WHAT NEEDS TO BE DONE:
Copy each record exactly as it reads, leaving out any pictures it holds.

MATERIAL PROVIDED:
#####

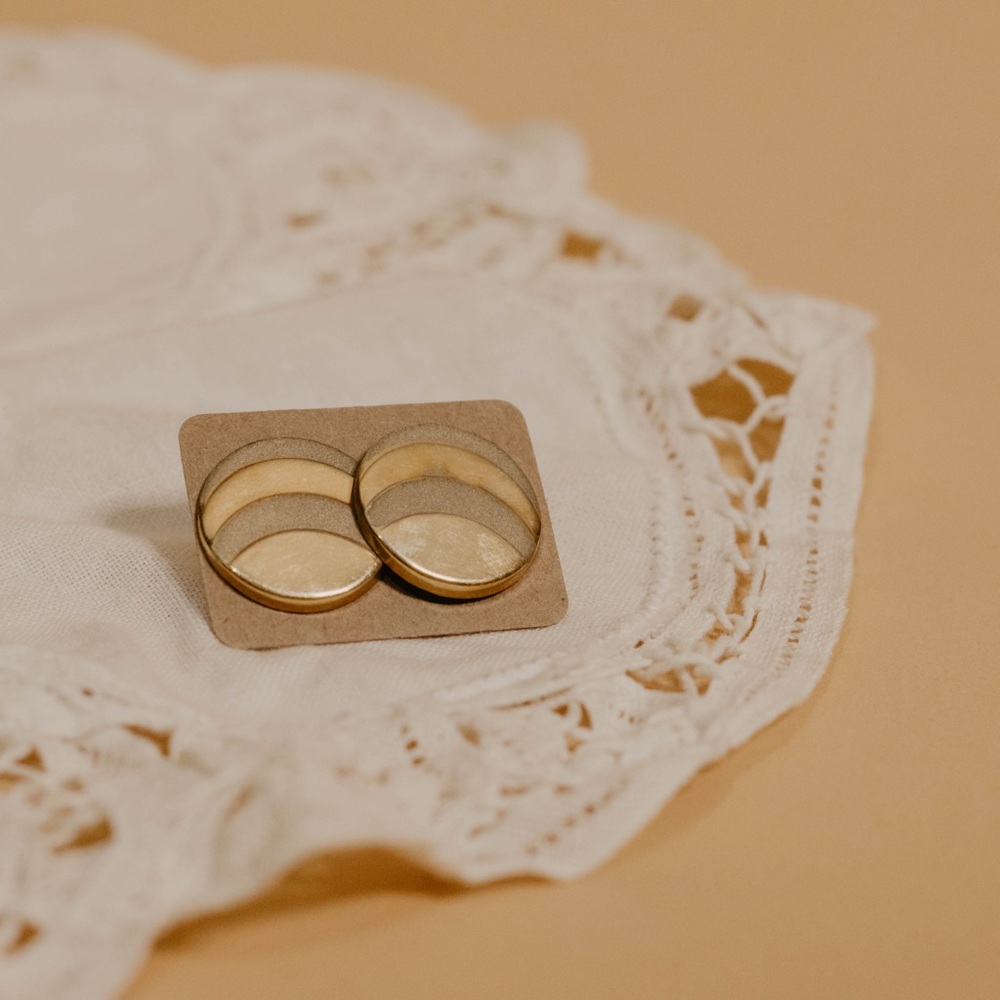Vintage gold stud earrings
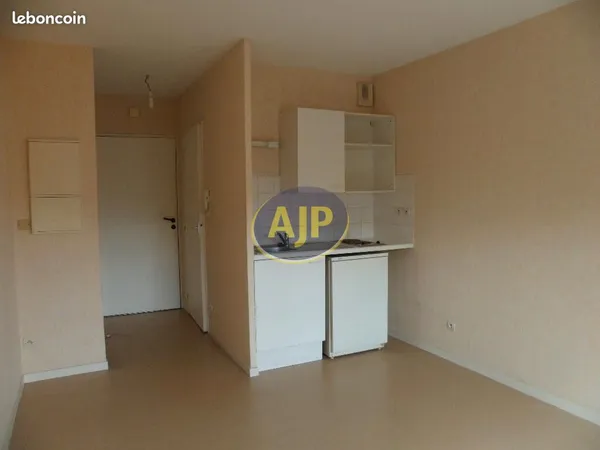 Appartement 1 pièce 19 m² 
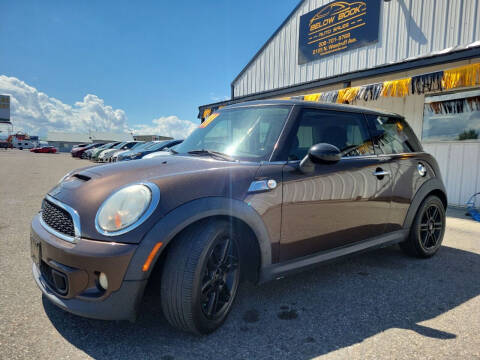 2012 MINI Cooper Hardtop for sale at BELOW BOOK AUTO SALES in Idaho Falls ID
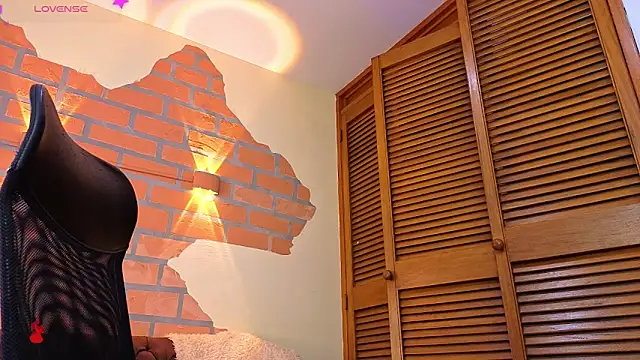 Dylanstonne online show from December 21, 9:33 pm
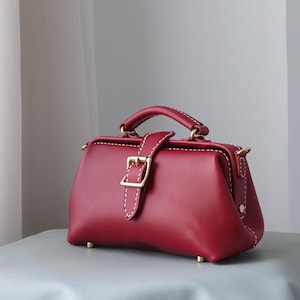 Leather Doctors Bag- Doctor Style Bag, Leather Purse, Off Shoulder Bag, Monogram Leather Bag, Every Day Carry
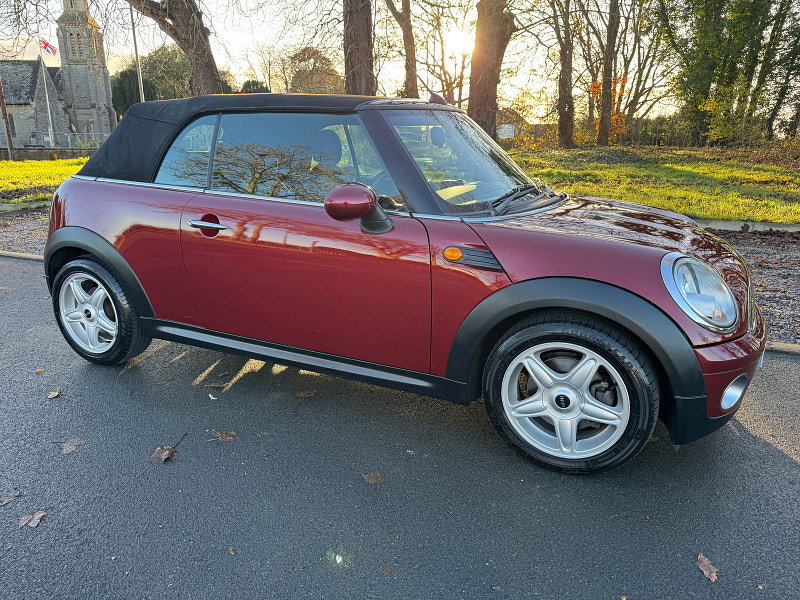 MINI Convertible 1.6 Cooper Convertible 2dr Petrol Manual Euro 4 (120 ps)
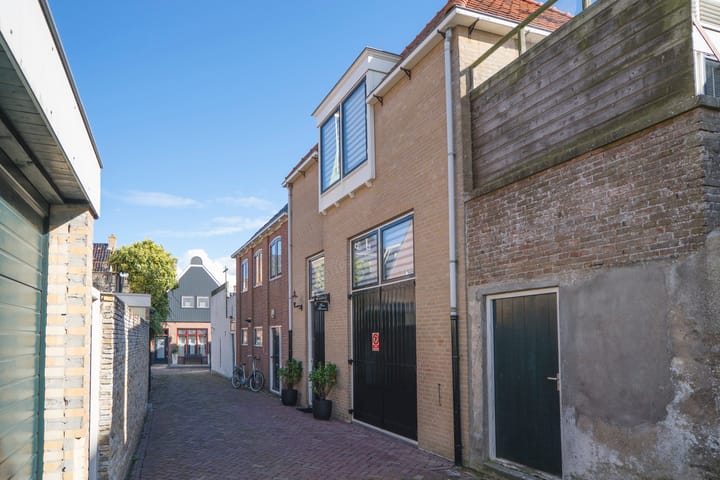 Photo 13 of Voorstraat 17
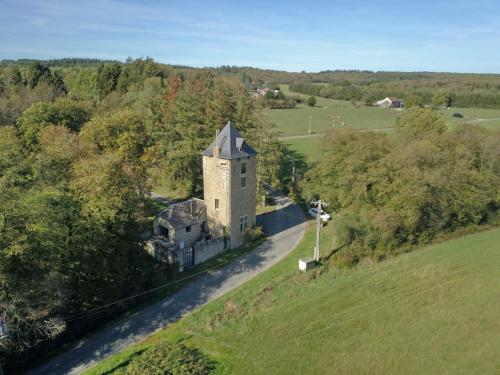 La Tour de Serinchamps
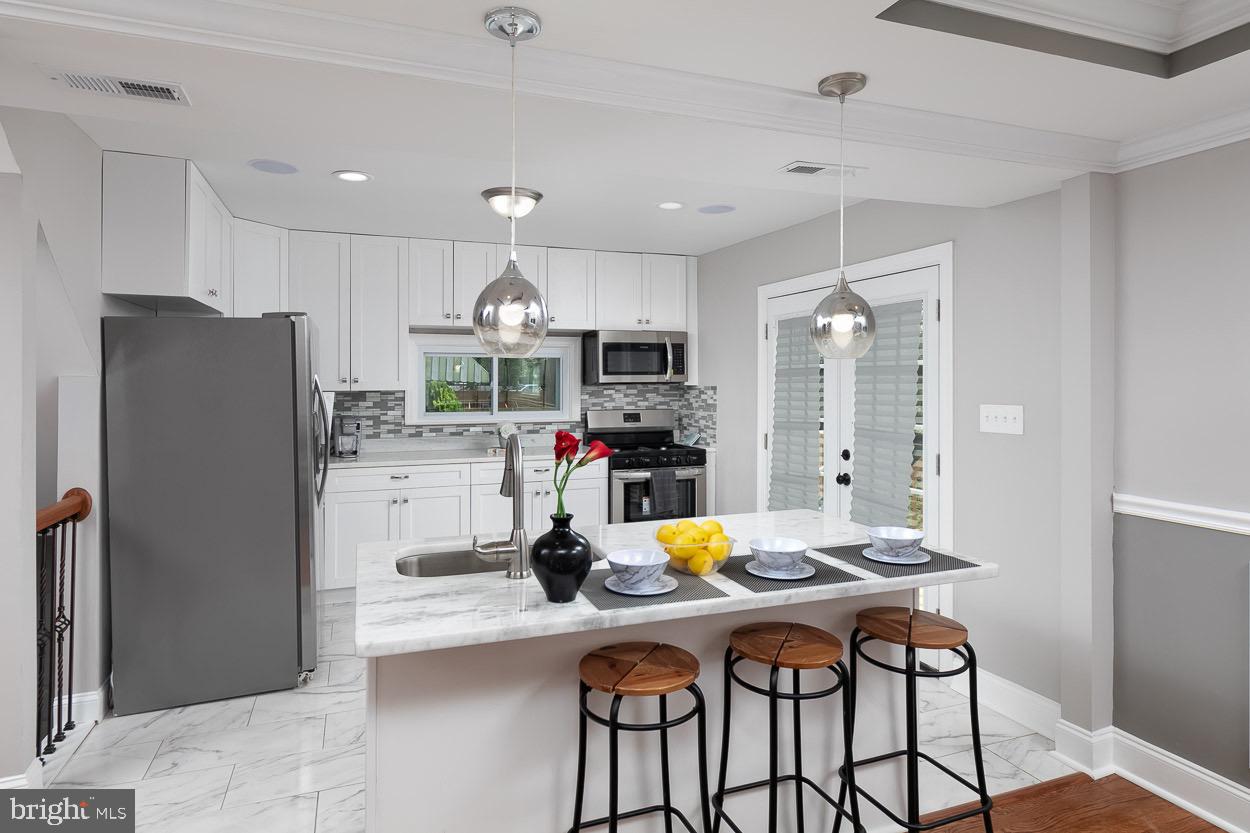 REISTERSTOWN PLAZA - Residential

#####

WRITTEN SOLUTION:
Vintage gold stud earrings
 Appartement 1 pièce 19 m² 
 2012 MINI Cooper Hardtop for sale at BELOW BOOK AUTO SALES in Idaho Falls ID
 Dylanstonne online show from December 21, 9:33 pm
 Leather Doctors Bag- Doctor Style Bag, Leather Purse, Off Shoulder Bag, Monogram Leather Bag, Every Day Carry
 MINI Convertible 1.6 Cooper Convertible 2dr Petrol Manual Euro 4 (120 ps)
 Photo 13 of Voorstraat 17
 La Tour de Serinchamps
 REISTERSTOWN PLAZA - Residential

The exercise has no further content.